In this study, we showed that circulating histone H3 levels were associated with coagulopathy, multiple organ failure, and death in septic patients, and could be a useful marker for recognizing the severity of sepsis. Although this study did not demonstrate a cause–effect relationship between histone H3 elevation and organ failure, previous studies indicated that histone H3 exacerbated organ failure in non-clinical settings. Circulating histones were toxic toward vascular endothelial cells [3, 8] and cardiomyocytes [5], and caused microvascular thrombosis and myocardial dysfunction [4, 9]. Histones induced platelet aggregation in vitro and thrombocytopenia in vivo [6, 7]. Furthermore, neutralizing antibodies against histones were able to rescue mice from lethal sepsis [3]. These findings indicate that high concentrations of circulating histones can be a direct inducer of organ failure, rather than a consequence of organ failure. Thus, evaluation of histone H3 levels is important for not only recognizing disease severity, but also developing strategies for histone-targeted therapy.

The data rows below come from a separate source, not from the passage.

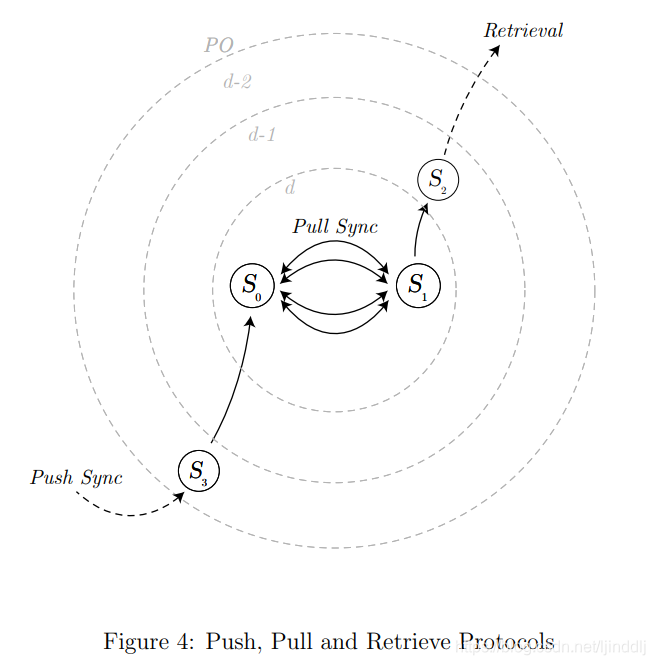 图4 Push/Pull/Retrieve协议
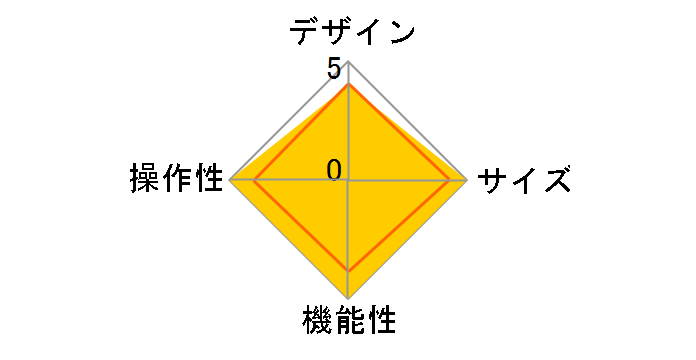 AVA-T15PVKBK [�N���A�u���b�N]�̃��[�U�[���r���[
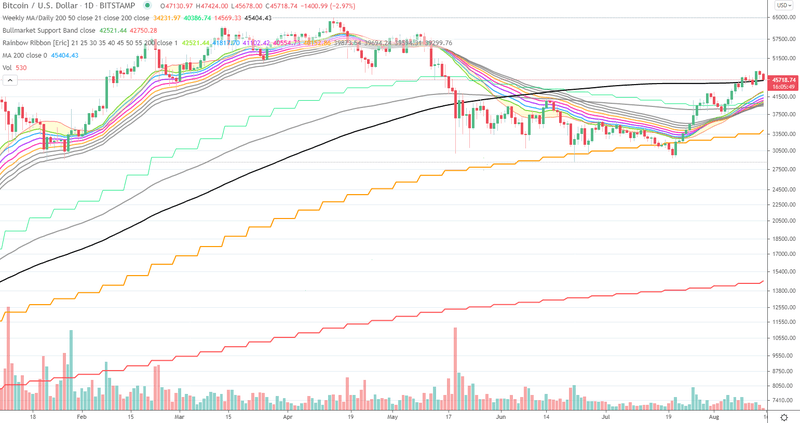 Afbeeldingslocatie: https://tweakers.net/i/ZyYIHG6ytVlsytuD_EMBRpaUQkU=/800x/filters:strip_exif()/f/image/LM98VrAzbgyxT4YOY06uf849.png?f=fotoalbum_large
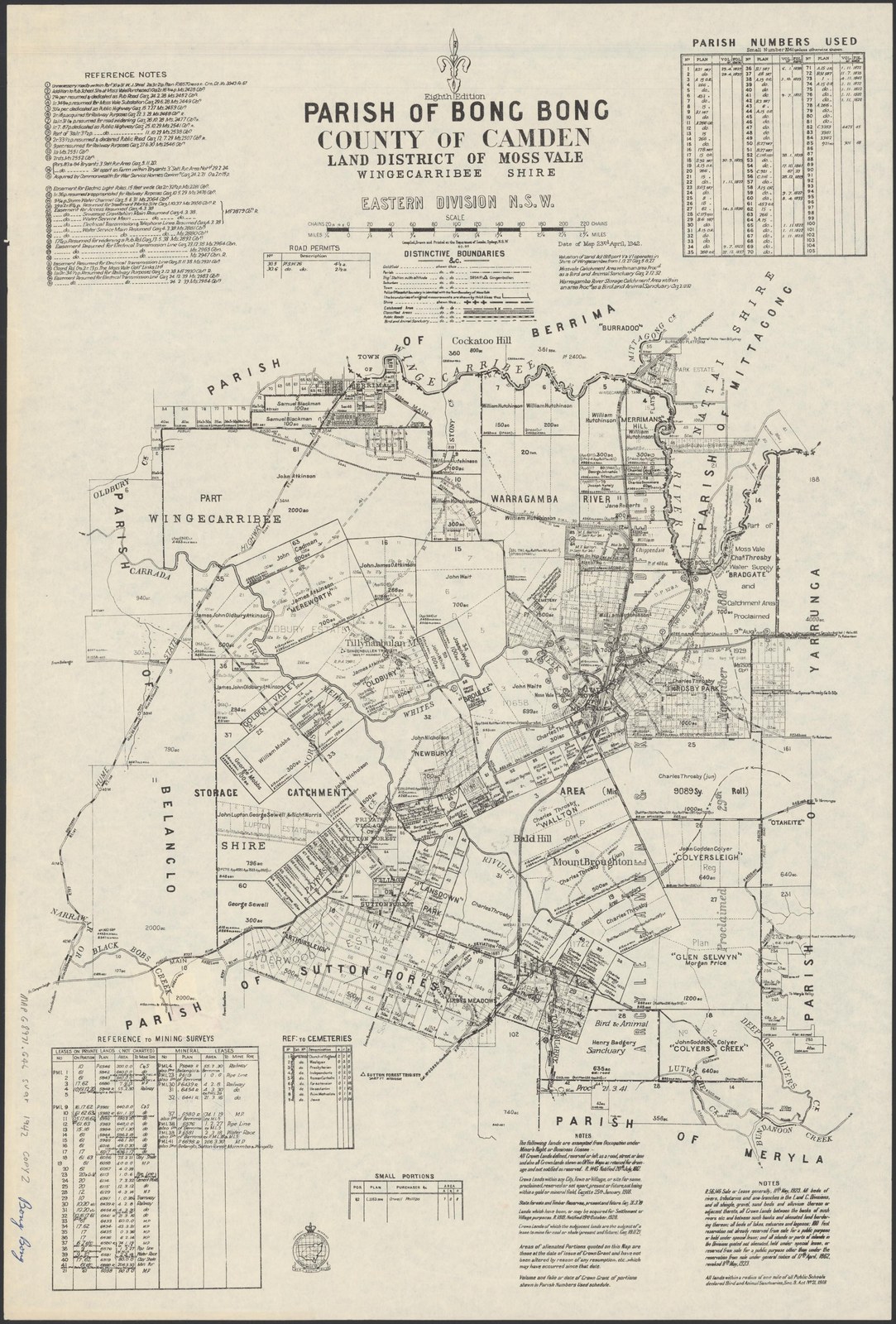 The inspected eighth edition, dated 23 April 1942, shows Moss Vale, Sutton Forest, Berrima, the railway, roads and named land grants. Compare it with the earlier Bong Bong sheet; check annotations and edition dates before treating every mark as contemporary.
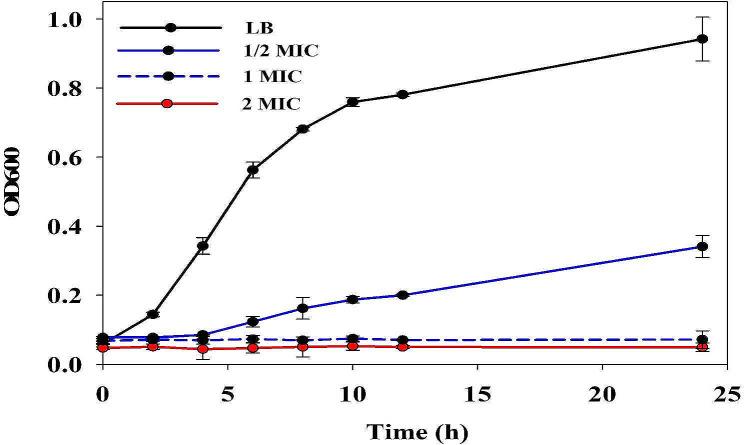 https://cdn.ncbi.nlm.nih.gov/pmc/blobs/8948/11134901/12230cda2600/12906_2024_4500_Fig1_HTML.jpg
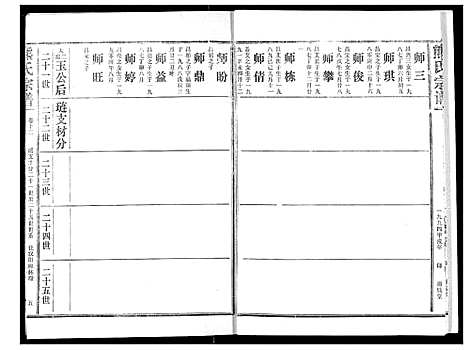 [熊]熊氏宗谱 (湖北) 熊氏家谱_十二.pdf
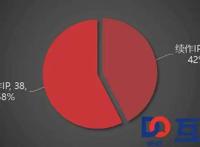 2017年度国产动画番剧报告：腾讯一家独大，占据四成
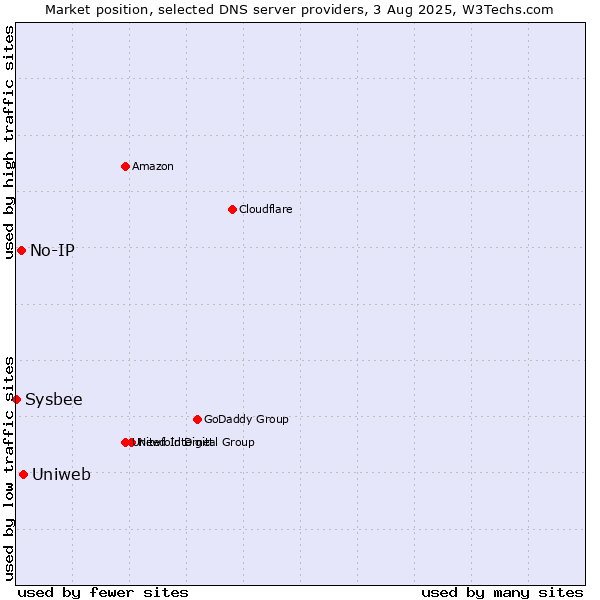 Market position of Uniweb vs. No-IP vs. Sysbee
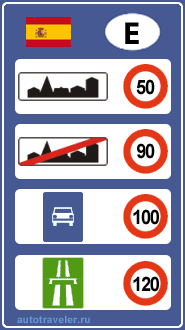 Ограничения скорости в Испании
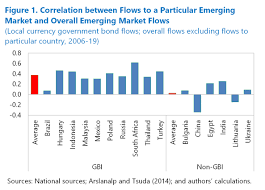 As of date, malaysia has rm1.4 trillion bond and sukuk currently outstanding in the capital market. Https Www Imf Org Media Files Publications Wp 2020 English Wpiea2020192 Print Pdf Ashx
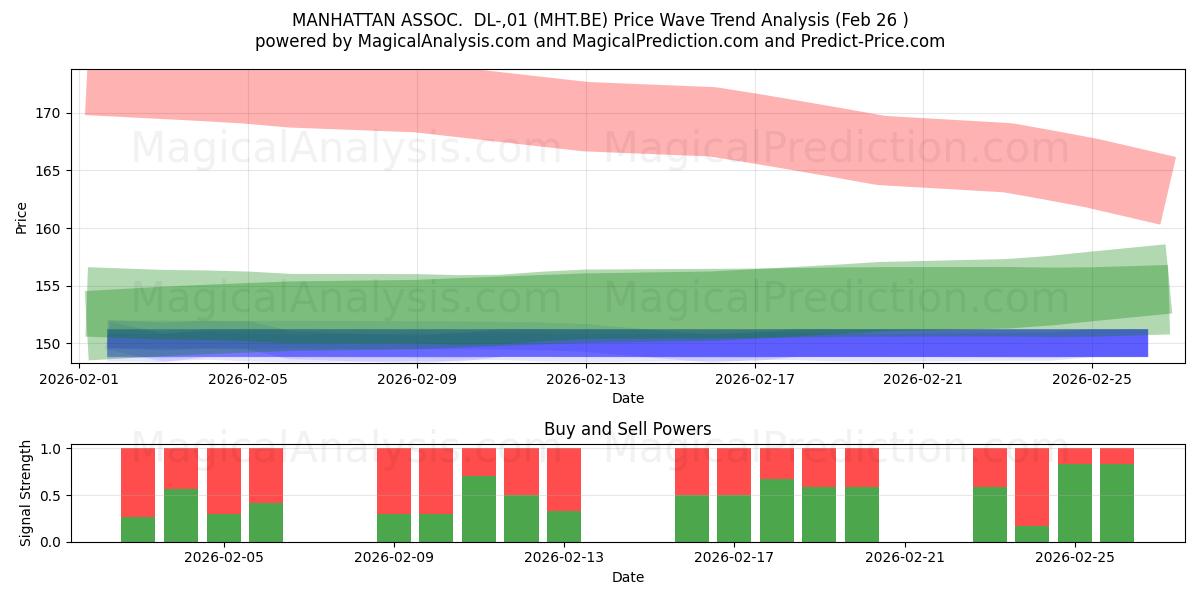  MANHATTAN ASSOC.  DL-,01 (MHT.BE) Support and Resistance area (25 Feb) 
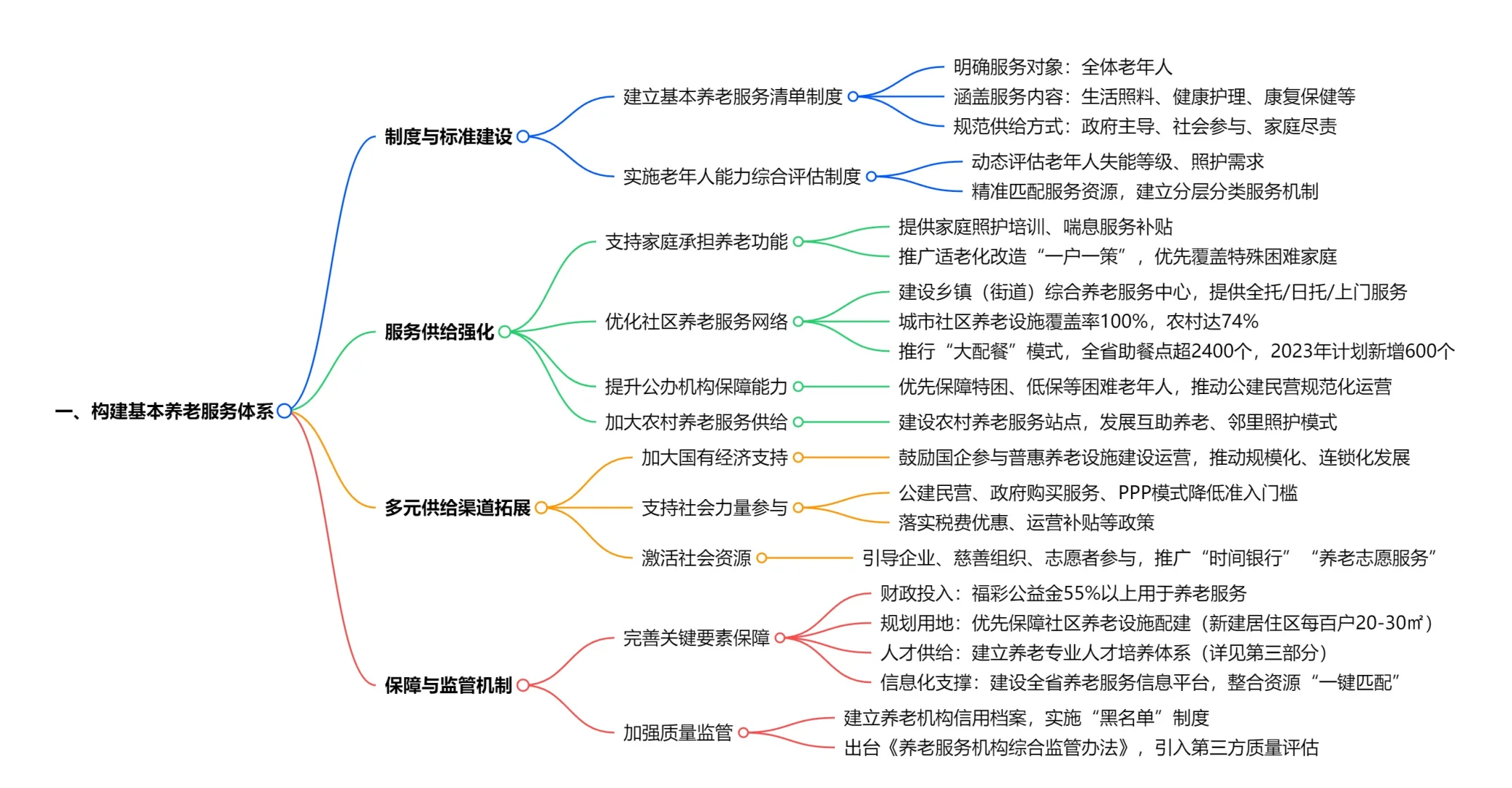 建设养老服务体系,广东省政府这么做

Circulating histone H3 levels showed a strong positive correlation with cell-free DNA levels, a modest but significant positive correlation with white blood cell counts, and no correlation with CRP levels. Circulating histone H3 levels also showed a significant positive correlation with SOFA score. The predictive performance of circulating histone H3 levels for mortality was higher than that of white blood cell counts, CRP, and cell-free DNA. However, it remains inconclusive whether circulating histone H3 levels are a better prognostic marker than cell-free DNA. Although cell-free DNA can be measured in several ways, including ultraviolet absorbance [14], DNA dyes [13, 15], and polymerase chain reaction [14, 16], the methods are not standardized. So, further studies are needed for standardization of cell-free DNA measurement and evaluation of good prognostic markers in septic conditions.

Limitations of the study

The present study has several limitations. First, the diagnosis of sepsis was not confirmed in all patients in this retrospective study. The inclusion criteria were patients admitted to the ICU because of infectious disease. All subjects had a SOFA score of ≥2. Thus, if their SOFA scores before ICU admission (baseline SOFA scores) were assumed to be zero, all of them met the criteria for sepsis-3 [1]. However, the baseline SOFA scores were not available in this study. Second, patients who left ICU were not followed up. As a result, 73 survivors and 12 non-survivors were analyzed on day 1, while only 39 survivors and 6 non-survivors were analyzed on day 7. This may distort the composition of patients, because mild cases in the survivor group and severe cases in the non-survivor group are predisposed to leave the ICU. Third, the number of patients enrolled in this study was relatively low and did not allow us to conduct multivariate analysis. For larger scale clinical studies, the large-scale preparation of reagents, including anti-histone H3 antibodies, is required. Fourth, the specificity of circulating histone H3 levels for sepsis was yet to be investigated. It is conceivable that circulating histone H3 levels are increased in non-septic diseases, such as trauma and pancreatitis [8]. Another limitation of this study is that our ELISA did not measure other members of the histone family, including histone H4. Previous studies have shown that histone H4 is the most potent stimulator of platelets and endothelial cells, while histone H3 is the second most potent stimulator [3, 6]. The reason why we decided to measure histone H3 rather than histone H4 is the availability of good purified histone H3 as a reference standard. Further analyses of histone H4 levels and histone H3 levels may improve our understanding of the pathogenesis of sepsis.

Conclusions

Using a newly developed ELISA for histone H3 detection, we measured the circulating histone H3 levels in patients requiring intensive care because of infectious diseases. Circulating histone H3 levels were associated with coagulopathy and multiple organ failure in these patients.